Exercise prompt:
Copy every entry exactly as given, minus the images.

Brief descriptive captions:
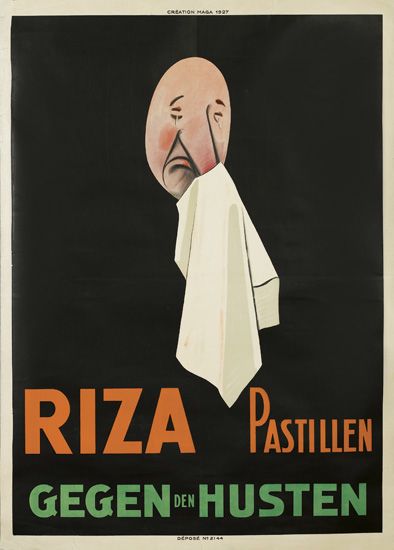 Riza Pastillen Gegen den Husten, black poster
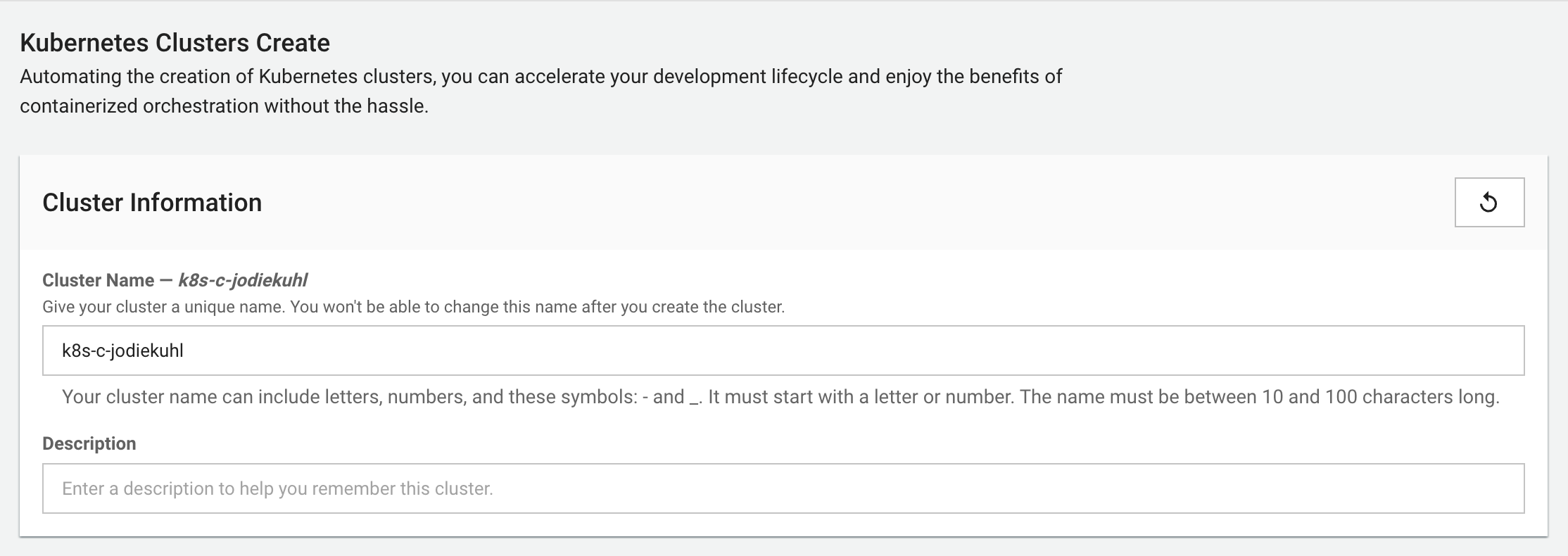 Cluster Information Form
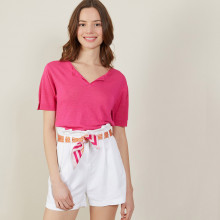 T-shirt col tunisien en lin flammé - Boheme 7283 corolle - 91 Fuchsia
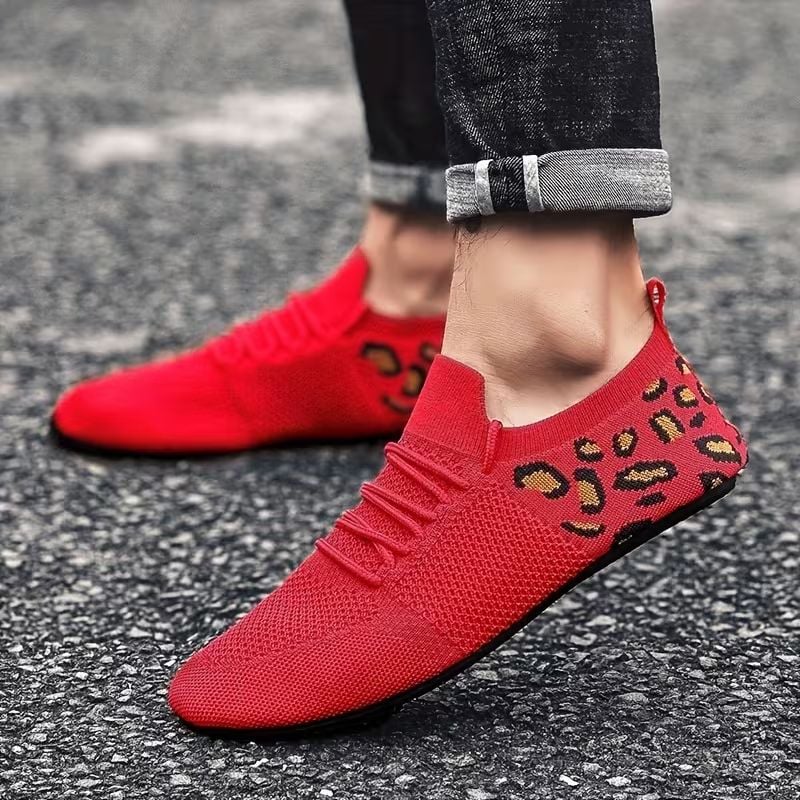 Men's Red Knit Casual Sneakers - Breathable Low-Top Lace-Up Shoes with Rubber Sole Comfortable Walking Shoes, Leopard Print Accent, Flexible Footwear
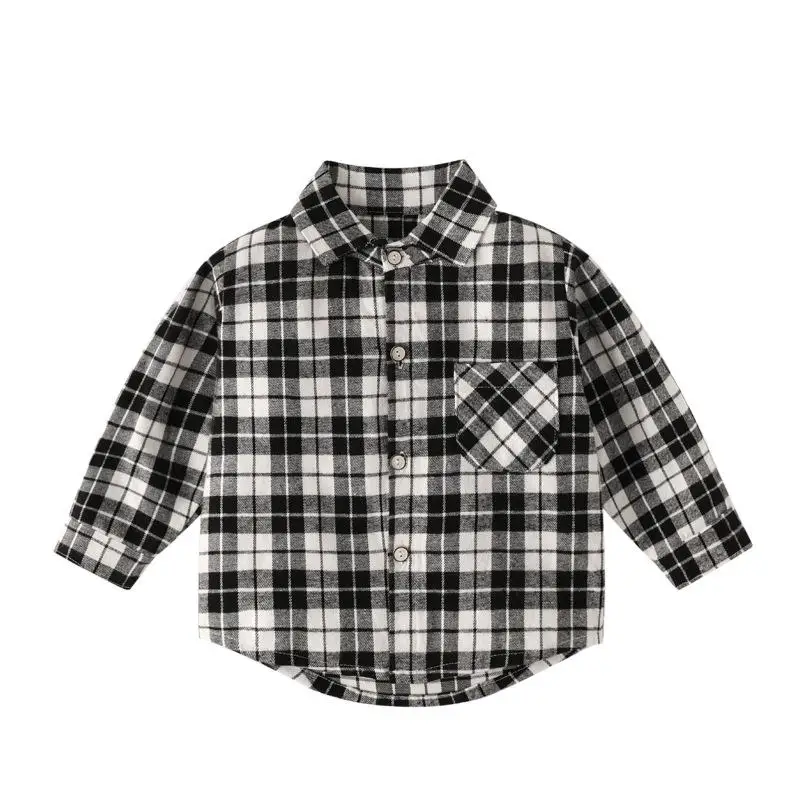 

2024 Spring Autumn Children Long Sleeves Shirt Fashion Plaid Top New Girl Boy Polo Collar Casual Single Breasted Outing Clothing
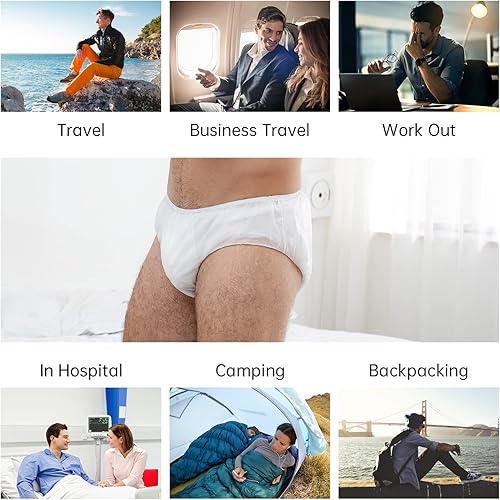 Miniatura 6 de Calzoncillos portátiles desechables de la ropa interior no tejida de los hombres para viajar Fitness Hotel Spa Hospital Stays, Blanco-35 piezas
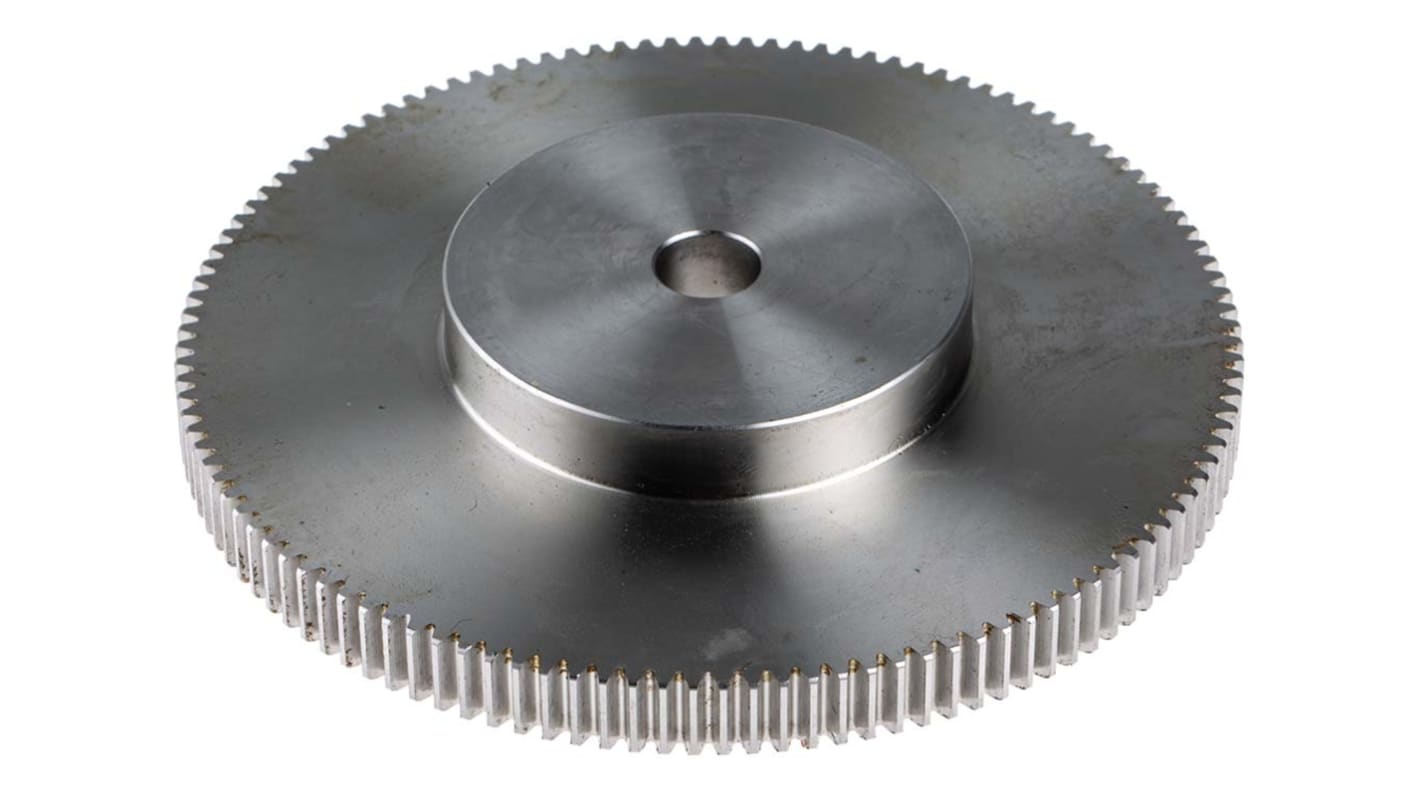 Ingranaggio cilindrico RS PRO, modulo 1, 120 denti, passo Ø 120mm, semigiunto Ø 60mm, foro Ø 12mm, in Acciaio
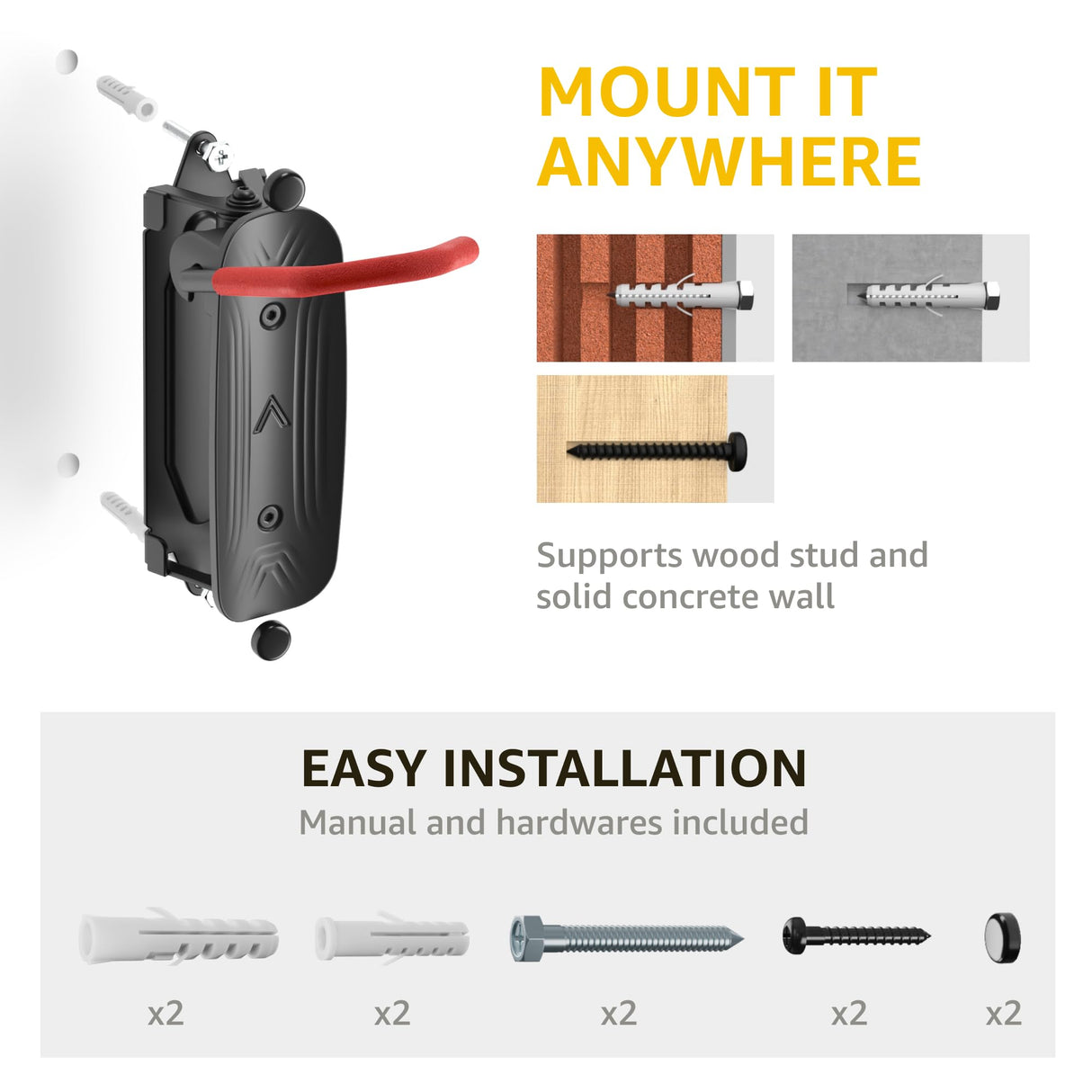 monTEK Swivel Bike Wall Mount, Bike Hangers for Garage, Wall Mount Bike Rack, Space Saving Sturdy Wall Bike Rack, Vertical Bike Rack Holds Up to 66 lbs - Bike Storage Rack for Garage, Red, 4 Pack monTEK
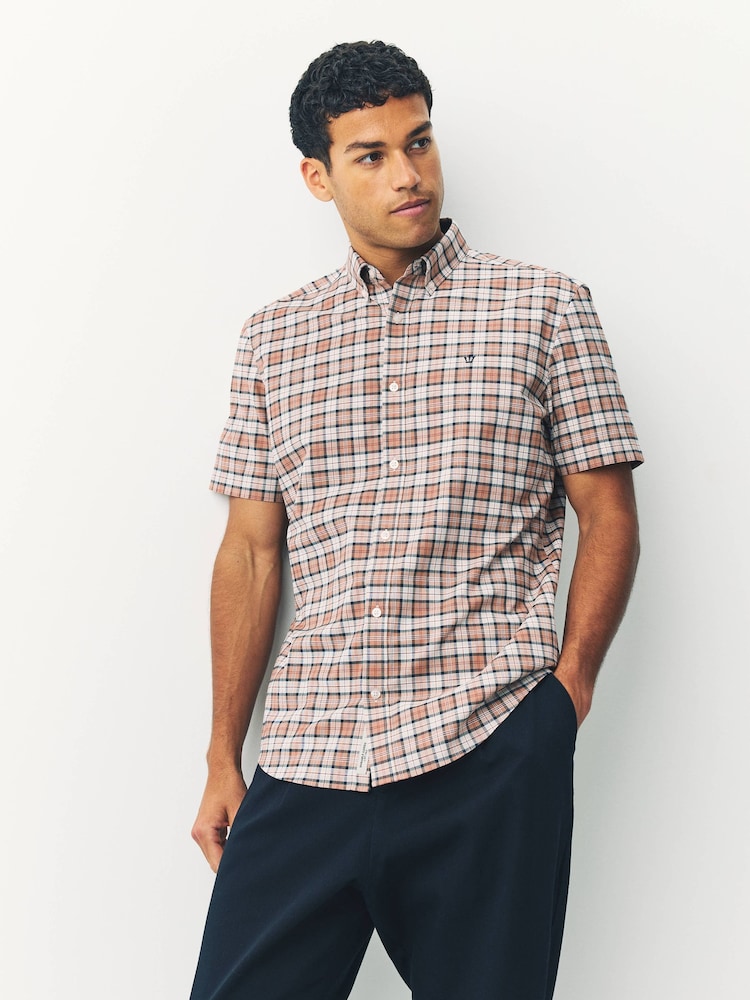 Neutral Gingham Check Short Sleeve Shirt - Image 1 of 3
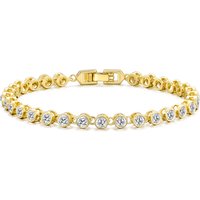 Gold Plated Solitaire Bracelet Created with Zircondia® Crystals - Image 2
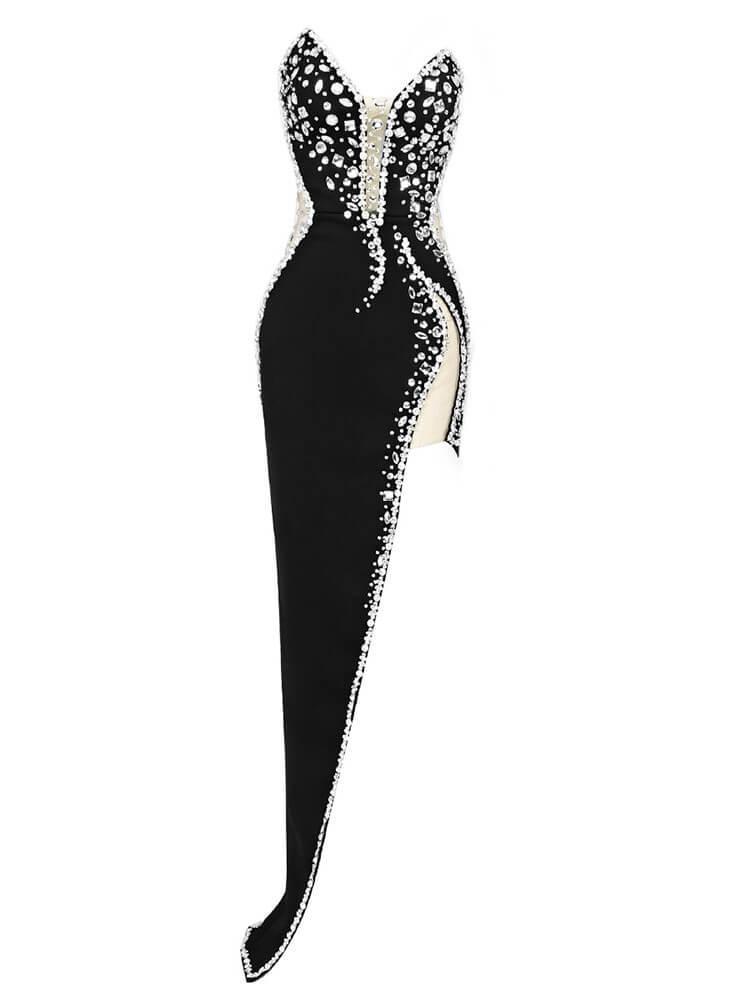 Rhinestone Strapless Sweetheart Mesh Panel Wrap High Split Bandage Maxi Gown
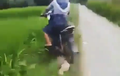 Video: Emak-emak Ini Lagi Belajar Motor, Eh Malah Nyungsep Ke Sawah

Output for this task:
 Riza Pastillen Gegen den Husten, black poster
 Cluster Information Form
 T-shirt col tunisien en lin flammé - Boheme 7283 corolle - 91 Fuchsia
 Men's Red Knit Casual Sneakers - Breathable Low-Top Lace-Up Shoes with Rubber Sole Comfortable Walking Shoes, Leopard Print Accent, Flexible Footwear

2024 Spring Autumn Children Long Sleeves Shirt Fashion Plaid Top New Girl Boy Polo Collar Casual Single Breasted Outing Clothing
 Miniatura 6 de Calzoncillos portátiles desechables de la ropa interior no tejida de los hombres para viajar Fitness Hotel Spa Hospital Stays, Blanco-35 piezas
 Ingranaggio cilindrico RS PRO, modulo 1, 120 denti, passo Ø 120mm, semigiunto Ø 60mm, foro Ø 12mm, in Acciaio
 monTEK Swivel Bike Wall Mount, Bike Hangers for Garage, Wall Mount Bike Rack, Space Saving Sturdy Wall Bike Rack, Vertical Bike Rack Holds Up to 66 lbs - Bike Storage Rack for Garage, Red, 4 Pack monTEK
 Neutral Gingham Check Short Sleeve Shirt - Image 1 of 3
 Gold Plated Solitaire Bracelet Created with Zircondia® Crystals - Image 2
 Rhinestone Strapless Sweetheart Mesh Panel Wrap High Split Bandage Maxi Gown
 Video: Emak-emak Ini Lagi Belajar Motor, Eh Malah Nyungsep Ke Sawah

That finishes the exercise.